Reflection on the Gospel of the Monday In The Twelfth Week Of Ordinary Time
We have all sinned and by right are far away from God’s Love and Mercy, undeserving. But equally true is God’s act of Love, that He has saved all of us, by Jesus sacrifice on the cross. The situation is different, whether we want to get unto the bus, so to say, of Salvation – eternity in God’s Presence. This is a self-choice. But we are not allowed to even self-judge, because the act of salvation is done, and we are all free. Now, no sin can separate us from God. Then why the prevailing of such misery and pain still? This is because not all realise that they are free and can in all freedom, love and be in God’s Presence.
So what is this issue of judging? On one level, we cannot counter say, that is proclaim; someone is condemned to death and corruption, however ugly the person be living, because Jesus has died even for that person, and how God is working in his life we are not privy too.

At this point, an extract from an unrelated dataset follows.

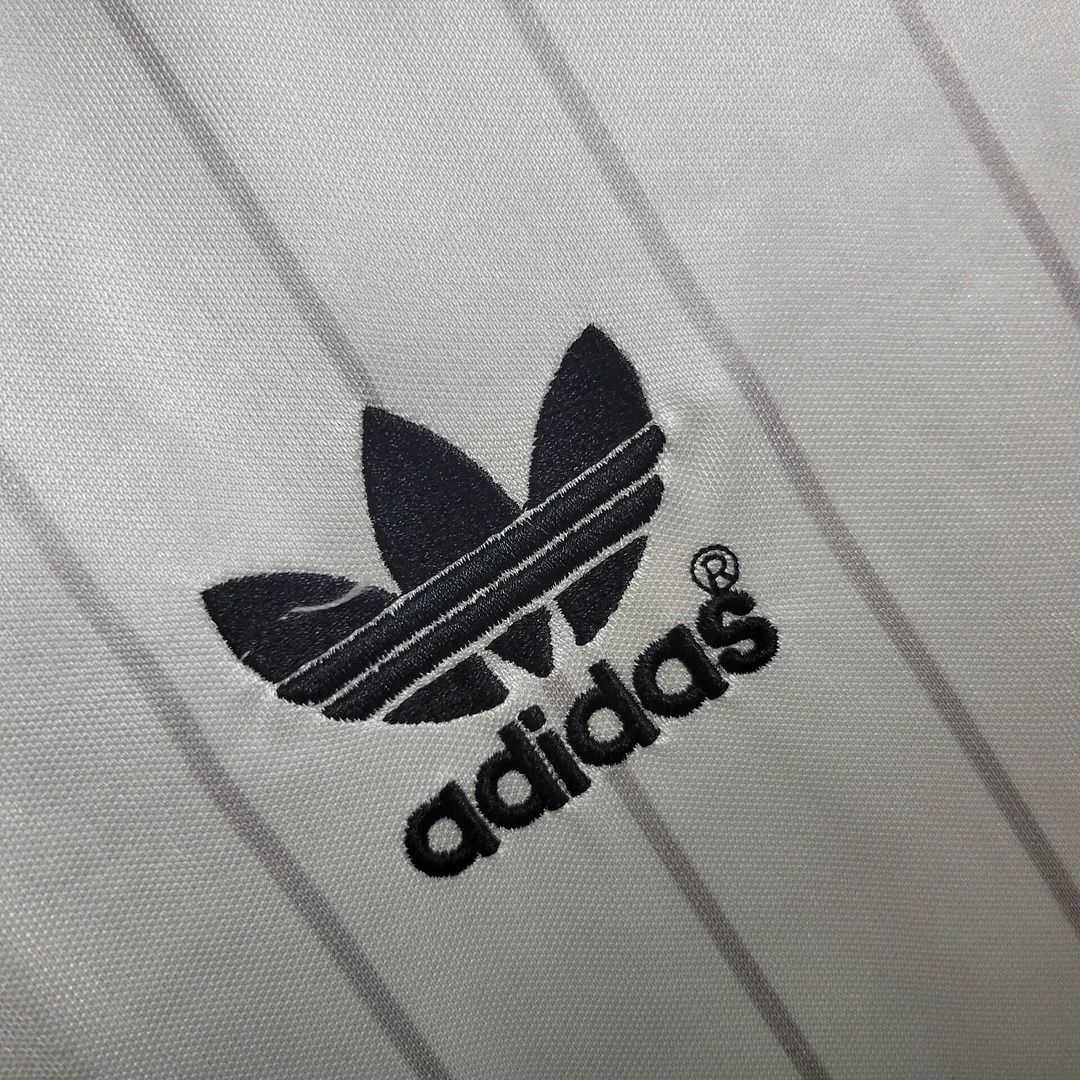 unitedfutballjersey-Retro Manchester United 82-83 Away Jersey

Judging than would be saying Jesus’ Redeeming Sacrifice is limited, and also negate Jesus’ teachings on another level as false. The best example of this being a) the Prodigal Son and b) The Parable of the Sower. Lets delve on the Sower Parable; it is not four soils that are being spoken of, it is the one soil which is transformed by the Word of God over a period of time. But in the meantime, the soil is something less than perfect. so if we condemn if, we are condemning God as being ineffective. We ourselves are in the process of transformation, by God’s Word, and if we label and make anything less than who He is, that effects us, more than the other person. And thus we have cut away God’s grace from our lives, and thus we have self-judged ourselves.

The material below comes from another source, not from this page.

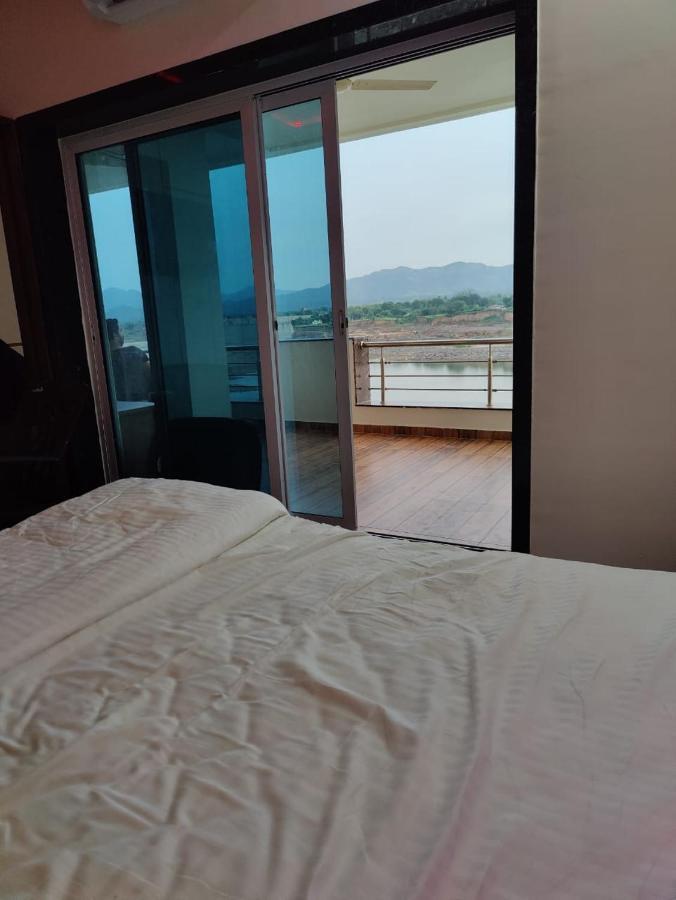 Hotel Sardar Rooms Garudeshwar Zewnętrze zdjęcie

On the other hand, it is proper to approach life from the place of humility, knowing fully that even we are broken persons whom God is putting together. Thus, we need to see those around us in the same way. When we do this, the harshness of finger pointing and condemning attitudes, can change to encouragement. When we see people around us failing, like the Samaritan, extend to them the grace of encouraging them to do better, not to give up hope, and together thank God for the grace of Jesus’ Sacrifice.